Diesel locomotive

It’s been more than two centuries since Cornish engineer Richard Trevithick showed off his railway invention in the Welsh mining town of Merthyr Tydfil, changing the world in the process. By demonstrating the first operational railway steam locomotive, Trevithick set the stage for a transport revolution, the flame of which was fanned by the Industrial Revolution and propelled through the 20th century by new fuel sources and a growing concern for efficiency and environmental performance.

From the most primitive steam engines of the early 19th century to the advanced propulsion concepts that have yet to be fully explored today, we present a timeline through the past, present and near-future of locomotive development.

1804: Trevithick kicks off the age of steam power

Before his big rail breakthrough in 1804, British mining engineer, inventor and explorer Richard Trevithick had been working on high-pressure steam engines for several years with mixed results, from the successful demonstration of the ‘Puffing Devil’ steam-powered road locomotive in 1802 to disaster in Greenwich in 1803, when four men were killed by an explosion of one of Trevithick’s stationary pumping engines.
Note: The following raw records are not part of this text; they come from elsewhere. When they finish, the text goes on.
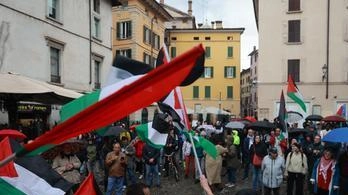 Circa trecento persone al presidio di solidarietà organizzato dal coordinamento per la Palestina bresciano, dopo gli attacchi di sabato notte...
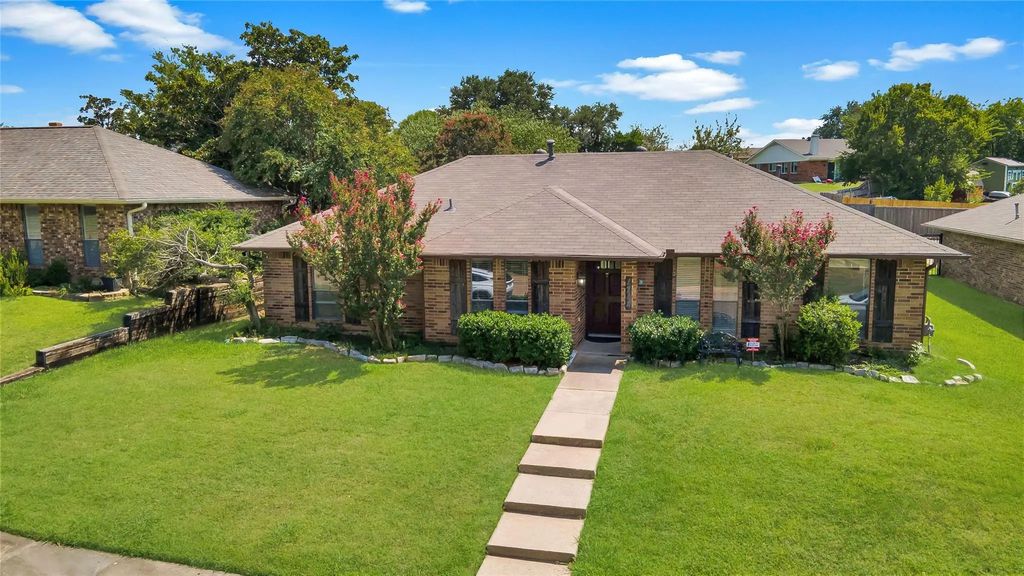 1712 Rosemeade Circle, Carrollton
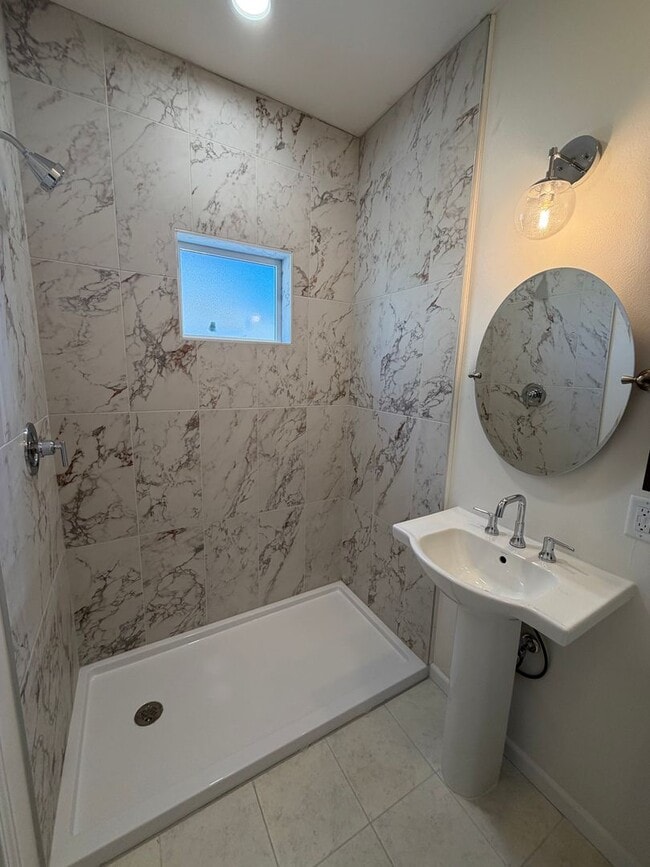 Building Photo - 3 Bedroom | 2 Bathroom | 1 Car Garage | Duplex | Springfield MO!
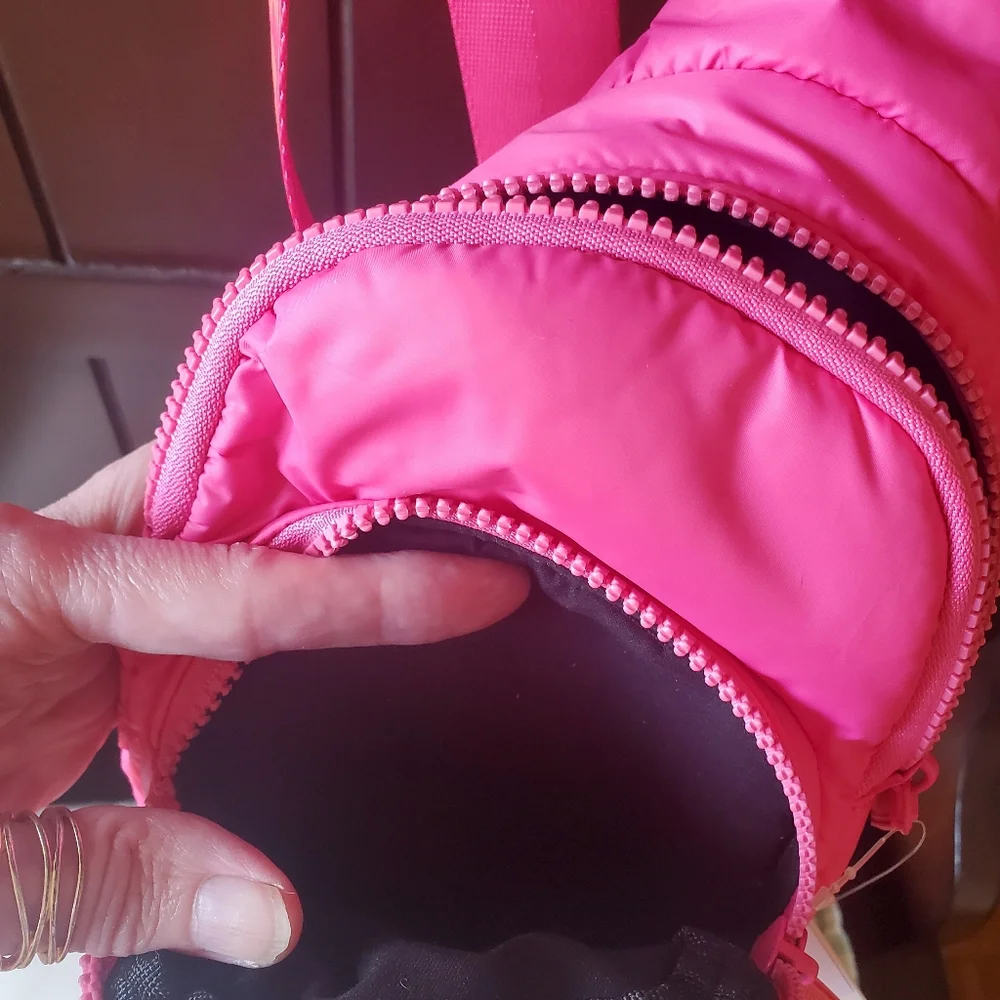 NWT Wildfox Bag 78 retail - Picture 5 of 6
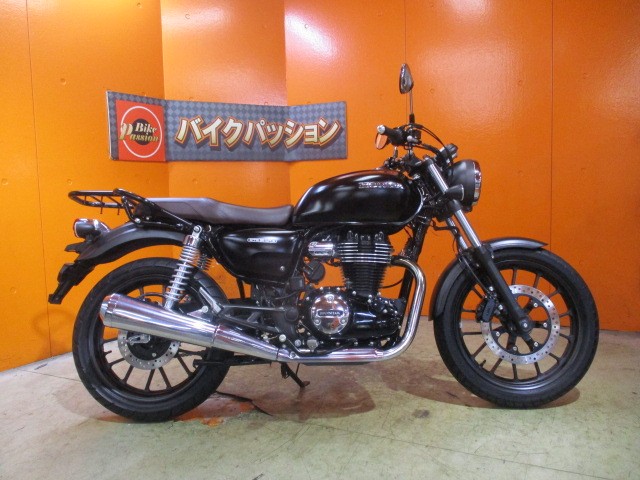 横から見てもこの通り状態状態グッド！ＧＢ３５０は若い方！年配の方！男性でも女性でも人気の高い一台！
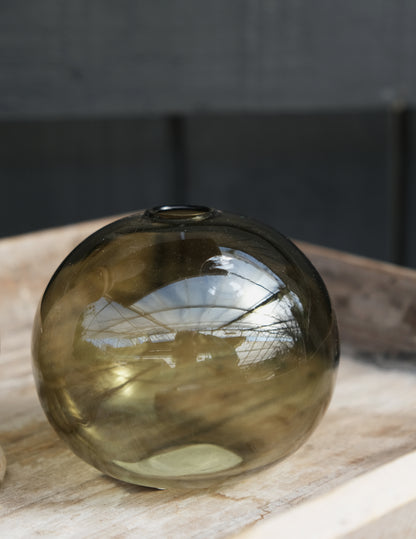 DBKD Ball Vase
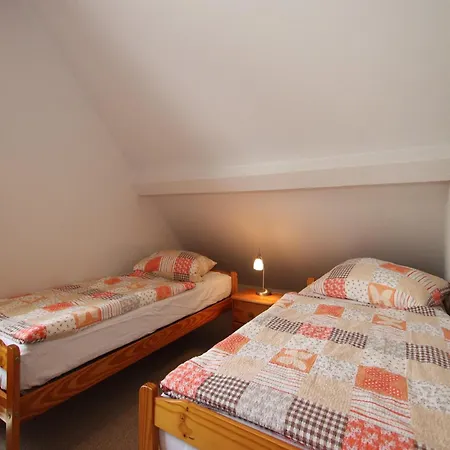 Reihenhaeuser In Strackholt * Grossefehn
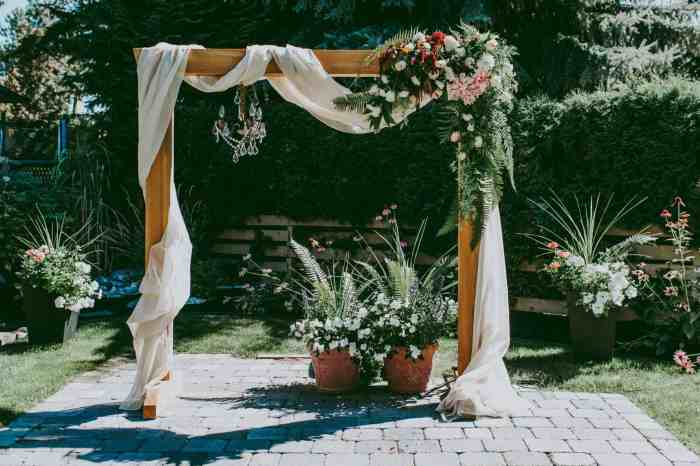 Diy wedding arch flowers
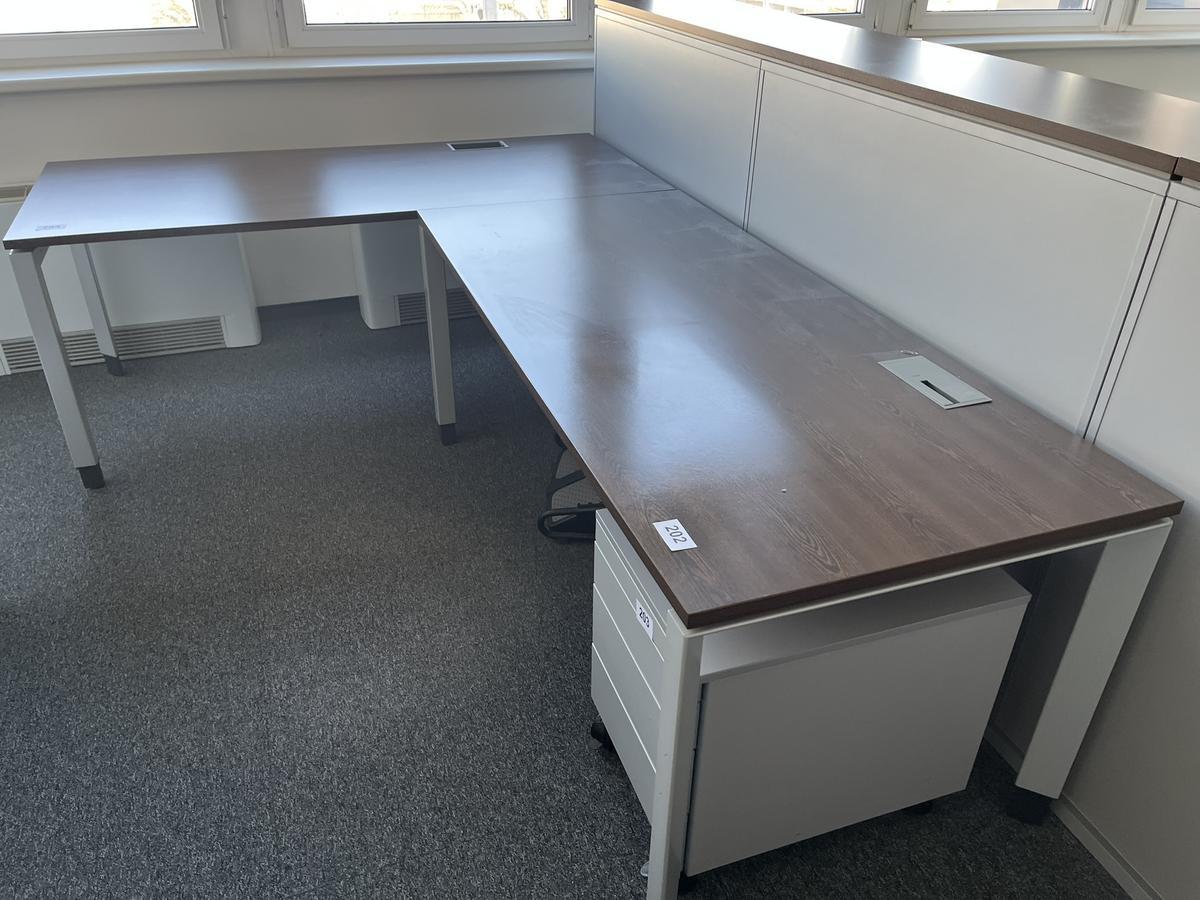 Schreibtisch Steelcase ca.180/80 cm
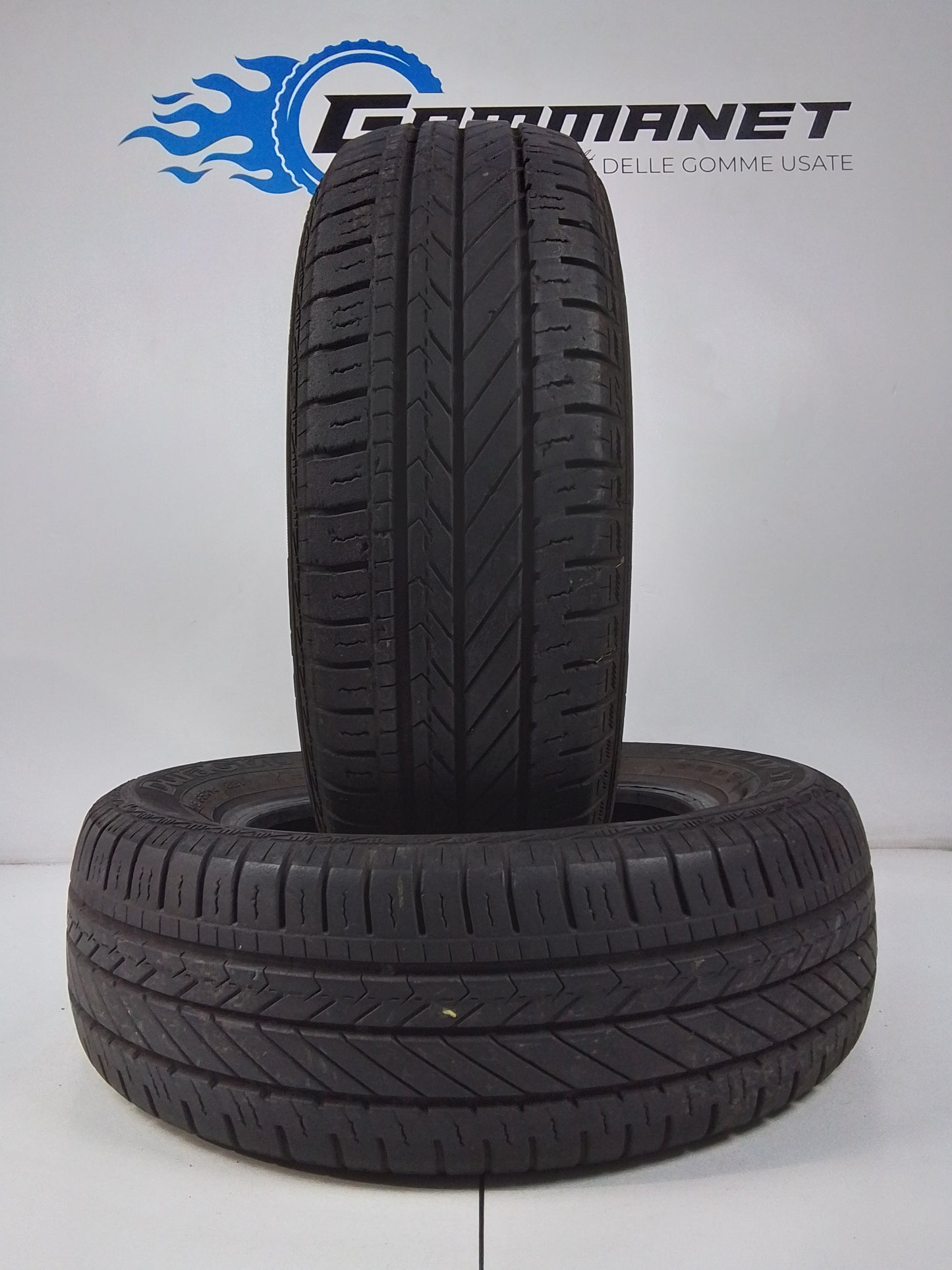 2 Goodyear Duragrip 175 65 14 82T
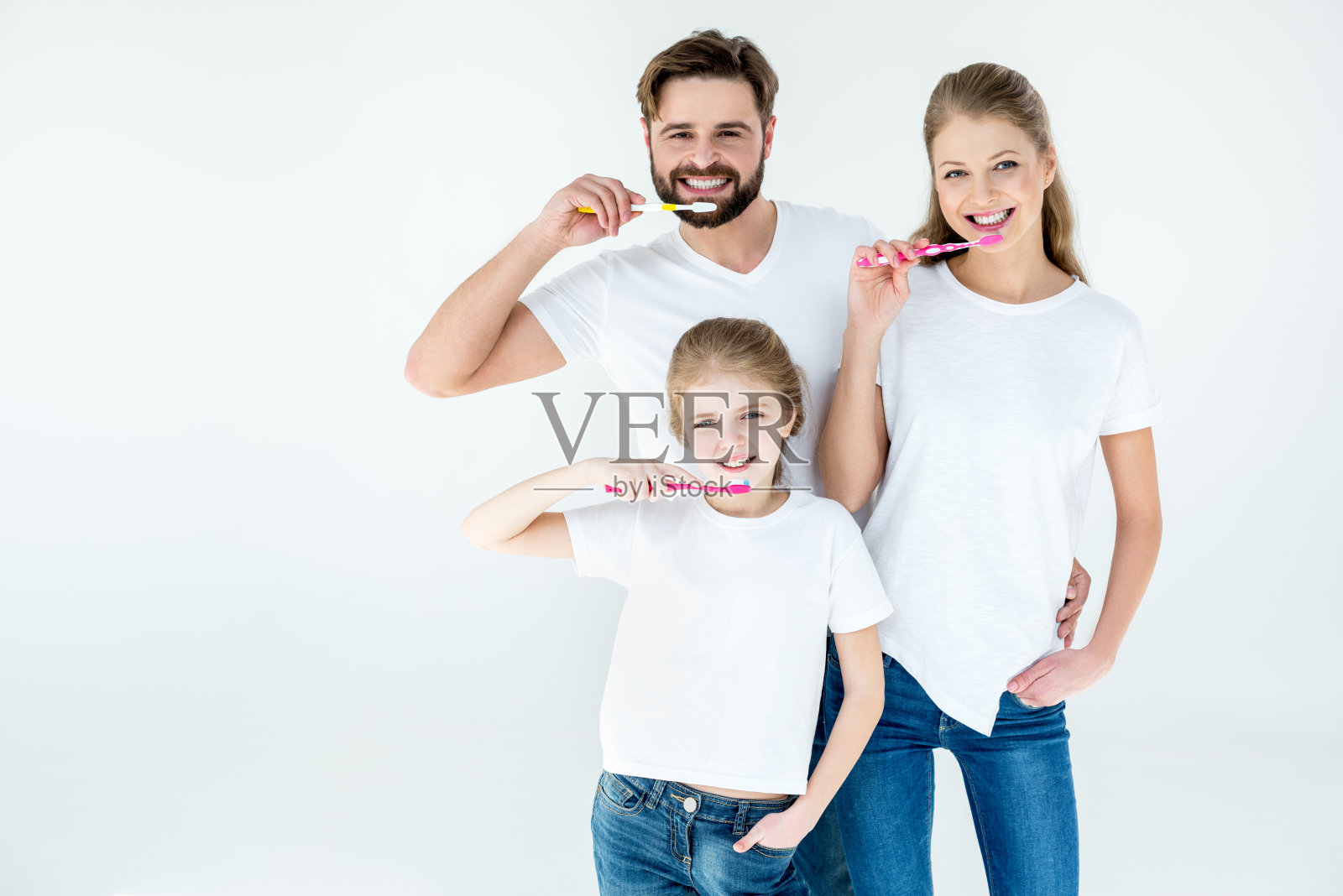 一家人穿着白色t恤用牙刷刷牙照片摄影图片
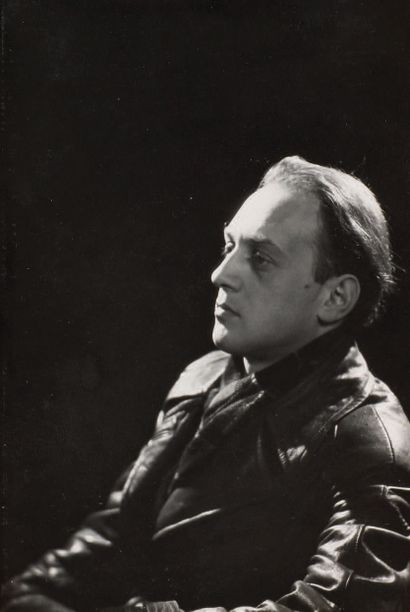 MAN RAY (1890-1976) Victor Brauner, 1930 2 épreuves gélatino-argentiques originales...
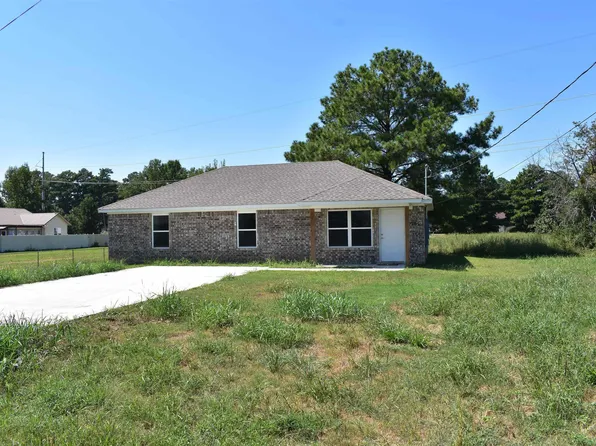 105 Olyvia Cir, Searcy, AR 72143
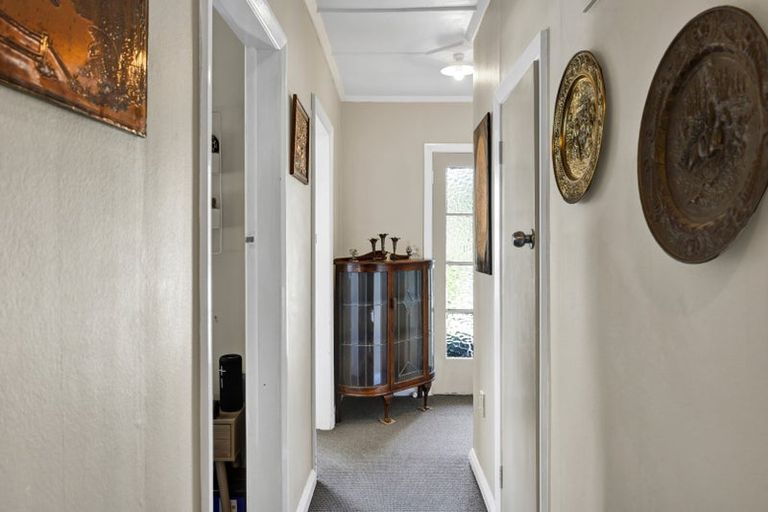 Photo of property in 27 Seaview Road, Marfell, New Plymouth, 4310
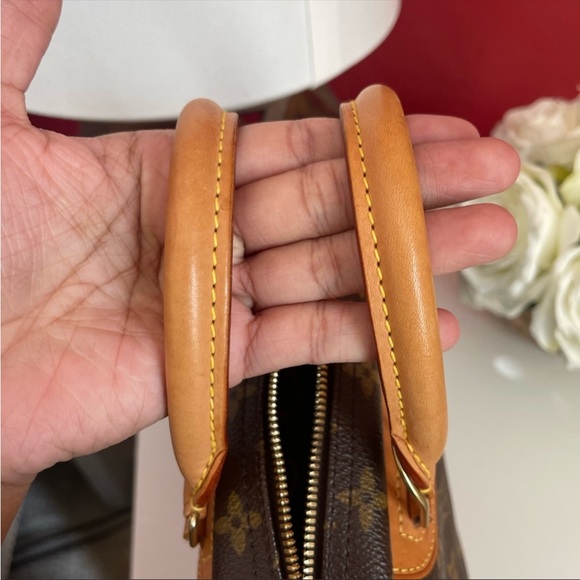 LV Trouville Handbag - Picture 12 of 12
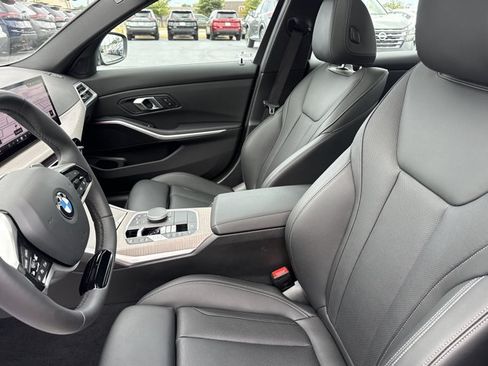 Used 2025 BMW 330i xDrive Sedan AWD/4WD image 5
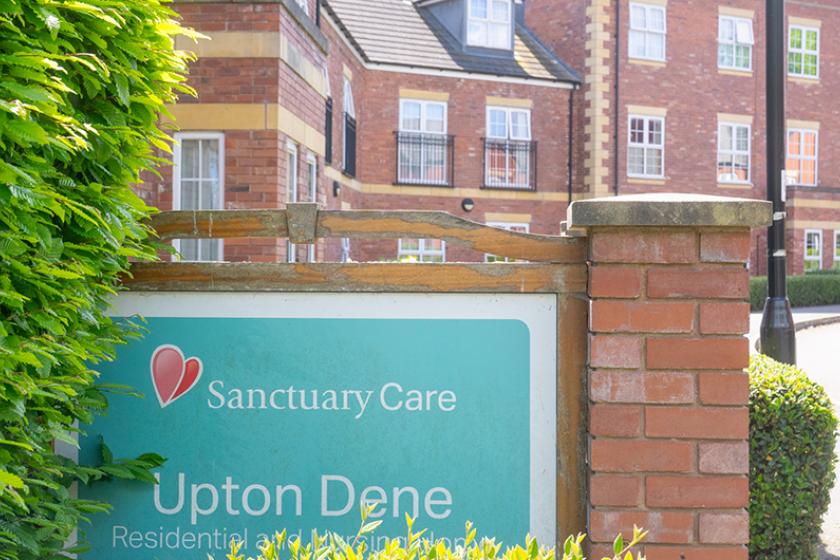 Signage - Upton Dene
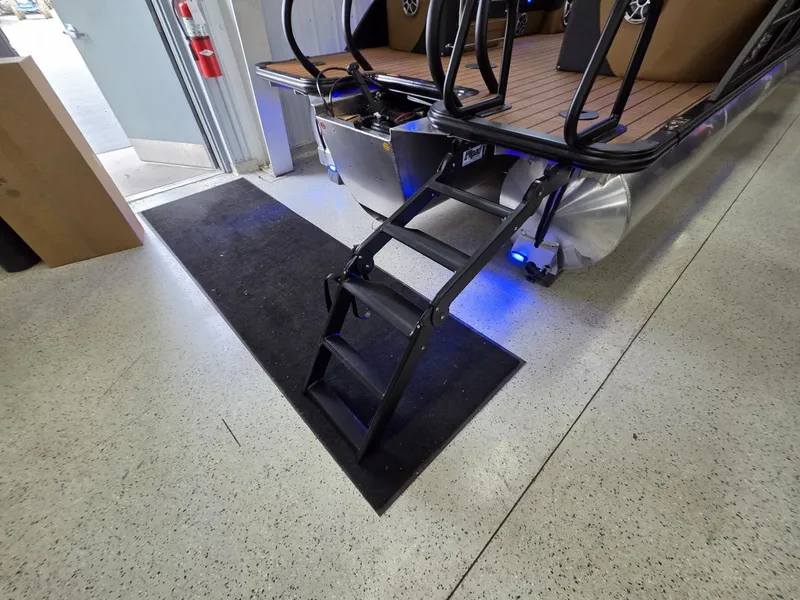 Slide: The Image of Bentley Pontoons Elite 253 Admiral 2026 - 30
Trevithick’s rivals used the incident to argue the risks of high-pressure steam.

Nevertheless, Trevithick’s ‘Penydarren locomotive’, secured a central place in the history of locomotive technology when it became the first full-scale working railway steam locomotive. The key demonstration of the locomotive was prompted, strangely enough, by a bet. Trevithick’s benefactor and owner of the Penydarren Ironworks, Samuel Homfray, placed a wager for 500 guineas with iron merchant Richard Crawshay that Trevithick’s locomotive – adapted from a stationary steam engine being used to drive a hammer at the ironworks – could haul ten tonnes of iron from the Penydarren Ironworks to the village of Abercynon nearly ten miles away.

On 21 February 1804, Trevithick’s locomotive made the journey in just over four hours, winning Homfray the bet and vindicating the high-pressure steam concept. Shortly after, the engine was returned to its original stationary role at the ironworks. Trevithick never received the recognition he deserved for his pioneering role in railway locomotion, and died destitute and forgotten in 1833. His work was publicly recognised in 2004 – the bicentenary of his feted demonstration – by the Royal Mint, which released a commemorative £2 coin bearing his name and his invention.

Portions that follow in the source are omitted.